In Britain, he joined the roads protest movement. He was hospitalised by security guards, who drove a metal spike through his foot, smashing the middle bone. He helped to found The Land is Ours, which has occupied land all over the country, including 13 acres of prime real estate in Wandsworth belonging to the Guinness corporation and destined for a giant superstore. The protesters beat Guinness in court, built an eco-village and held onto the land for six months.

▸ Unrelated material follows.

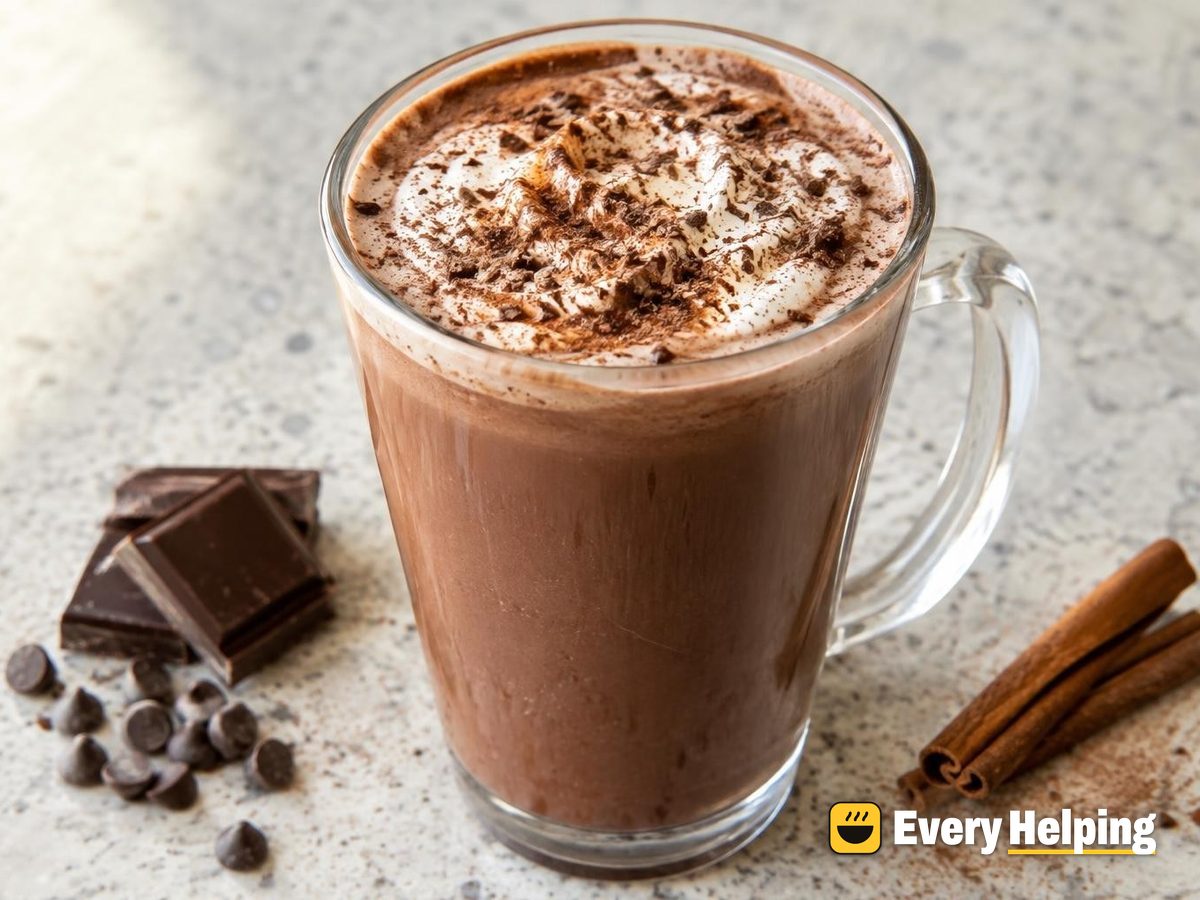 Cinnamon Soy Mocha with Dark Chocolate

He has held visiting fellowships or professorships at the universities of Oxford (environmental policy), Bristol (philosophy), Keele (politics) and East London (environmental science). He is currently visiting professor of planning at Oxford Brookes University. In 1995 Nelson Mandela presented him with a United Nations Global 500 Award for outstanding environmental achievement. He has also won the Lloyds National Screenwriting Prize for his screenplay The Norwegian, a Sony Award for radio production, the Sir Peter Kent Award and the OneWorld National Press Award.

In summer 2007 he was awarded an honorary doctorate by the University of Essex and an honorary fellowship by Cardiff University.